Is the cat terribly thin? Can you see it's ribs or just feel them, as on a healthy weight cat you should be able to feel their ribs and spine without seeing them.

Your parents could be right and this cat could actually belong to someone - some one who may be searching their cat right now. Most cats will not say no to food laid out for them. 

I would let the cat outside and see if he decides to go home. If he is still there in the morning, then call your local CP, RSPCA or rescue to see if they have a missing cat reported.

Although you mean well, just remember the cat could have wandered far from home with loving owners desperate to get him back. You should try your best to reunite them.


----------



## Lel (Mar 21, 2012)

If you are able, a trip to the vet to scan for a microchip could reunite him/her with the owners. I'm sure the vet would also tell you if the cat is just slim or underweight.


----------



## littlemissnawtie (May 1, 2011)

Lumboo said:


> Is the cat terribly thin? Can you see it's ribs or just feel them, as on a healthy weight cat you should be able to feel their ribs and spine without seeing them.
> 
> Your parents could be right and this cat could actually belong to someone - some one who may be searching their cat right now. Most cats will not say no to food laid out for them.
> 
> ...


The cat, which ive identified to be a female, is very sluggish, i brought her to my room and she hasnt moved an inch, shes very slow reacting,shes sat under a blanket, shes shivering, and although i cant see her ribs, i still know its a starving cat because all i got to do is rub my palm over her back and i can feel her bumpy spine which is visible actually, my cat is a healthy weight according to our latest vet visit, and i can barely feel his spine.

My mother says shes seen this cat wandering around our neighbourhood, although i havent seen it, she thinks its one of the neighbours as they have a ginger cat, i know of the cat that she means, and this cat doesnt approach us at all. I try and stroke it on my way to work, and it darts off. This cat was desperate to get inside some warmth, it was all soaking and wet. The fur has dried nicely now.

I understand that her owners may be looking for her, but there is a possibilty this cat is a stray or its a victim of neglect, im sure if the owners cared for their cats welfare, they would rather know that someone has handed her in rather than leaving her in the freezing wet cold. I wouldnt have minded so much if it was a dry night, or if i found her in the morning or day, but to know that its wet and raining, i would be just as bad as the people that may have left her in this condition. im going to take pictures of her and post her on animal search websites for the uk.

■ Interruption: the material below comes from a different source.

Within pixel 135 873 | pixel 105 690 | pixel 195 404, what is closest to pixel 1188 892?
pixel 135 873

Ive already rang the rspca and explained the situation, my mother now knows ive got the cat, shes concerned about the situation with the neighbours, but i said i dont care, because the fact that she is so thin is just neglect, shes been eating non stop, usually cats that have a home stop at some point, this one just wont stop, ive given some small cat treats, and she just wont stop.

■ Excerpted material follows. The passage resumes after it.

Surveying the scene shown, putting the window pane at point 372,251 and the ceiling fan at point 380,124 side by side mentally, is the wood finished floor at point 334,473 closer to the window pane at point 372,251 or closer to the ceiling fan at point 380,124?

The rspca is coming tomorrow after 9am. I told them of the situation, and they said that they would get her tomorrow, it seems like she is either a victim of neglect or she is lost or is a stray. But im happy knowing she will be safe.

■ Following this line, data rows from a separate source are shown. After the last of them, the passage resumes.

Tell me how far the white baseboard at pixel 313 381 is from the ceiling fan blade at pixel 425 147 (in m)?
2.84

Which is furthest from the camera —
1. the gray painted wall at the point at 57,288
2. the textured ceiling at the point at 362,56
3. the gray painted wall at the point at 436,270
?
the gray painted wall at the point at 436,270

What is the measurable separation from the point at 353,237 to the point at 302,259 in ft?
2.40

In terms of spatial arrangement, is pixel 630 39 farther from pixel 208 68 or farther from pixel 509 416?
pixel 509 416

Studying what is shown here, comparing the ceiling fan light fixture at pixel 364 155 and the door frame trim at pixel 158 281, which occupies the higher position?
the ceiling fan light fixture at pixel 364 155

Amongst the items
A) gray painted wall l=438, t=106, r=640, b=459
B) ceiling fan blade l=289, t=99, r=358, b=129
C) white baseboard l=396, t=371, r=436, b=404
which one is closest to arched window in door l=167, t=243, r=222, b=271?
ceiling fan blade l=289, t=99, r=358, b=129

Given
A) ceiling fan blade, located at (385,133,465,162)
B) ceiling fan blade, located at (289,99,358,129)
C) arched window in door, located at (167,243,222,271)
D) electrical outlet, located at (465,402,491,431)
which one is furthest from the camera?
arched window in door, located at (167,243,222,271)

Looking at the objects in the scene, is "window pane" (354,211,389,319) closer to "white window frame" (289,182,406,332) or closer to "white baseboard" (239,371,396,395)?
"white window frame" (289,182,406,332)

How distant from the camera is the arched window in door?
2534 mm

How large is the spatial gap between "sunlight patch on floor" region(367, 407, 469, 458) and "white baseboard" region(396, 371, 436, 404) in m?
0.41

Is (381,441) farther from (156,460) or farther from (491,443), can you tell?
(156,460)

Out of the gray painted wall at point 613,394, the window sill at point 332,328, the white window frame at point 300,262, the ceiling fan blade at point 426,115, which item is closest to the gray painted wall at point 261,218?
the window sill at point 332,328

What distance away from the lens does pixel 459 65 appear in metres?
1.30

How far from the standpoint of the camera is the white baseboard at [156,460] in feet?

My cats fine with it, he doesnt like her, but shes happy on the bed while hes running around the rest of the house with his beloved ball and he will probably go and sleep in my brothers room now that shes taken his spot on my bed.

I would love to keep her, she is absolutely gorgeous. if i had the chance, i would feed her until she got to a healthy weight and then maybe try and rehome her. I dont understand how people can let an animal get to this condition. Even if she does have a home. Its something that i could never let my cat get to.

But im confident i did the right thing, and im sure if she does have loving owners they will be happy knowing that their cat wont have to suffer another horrible nightin the cold, and are hopefully reunited with her as soon as possible.


----------



## littlemissnawtie (May 1, 2011)

Lel said:


> If you are able, a trip to the vet to scan for a microchip could reunite him/her with the owners. I'm sure the vet would also tell you if the cat is just slim or underweight.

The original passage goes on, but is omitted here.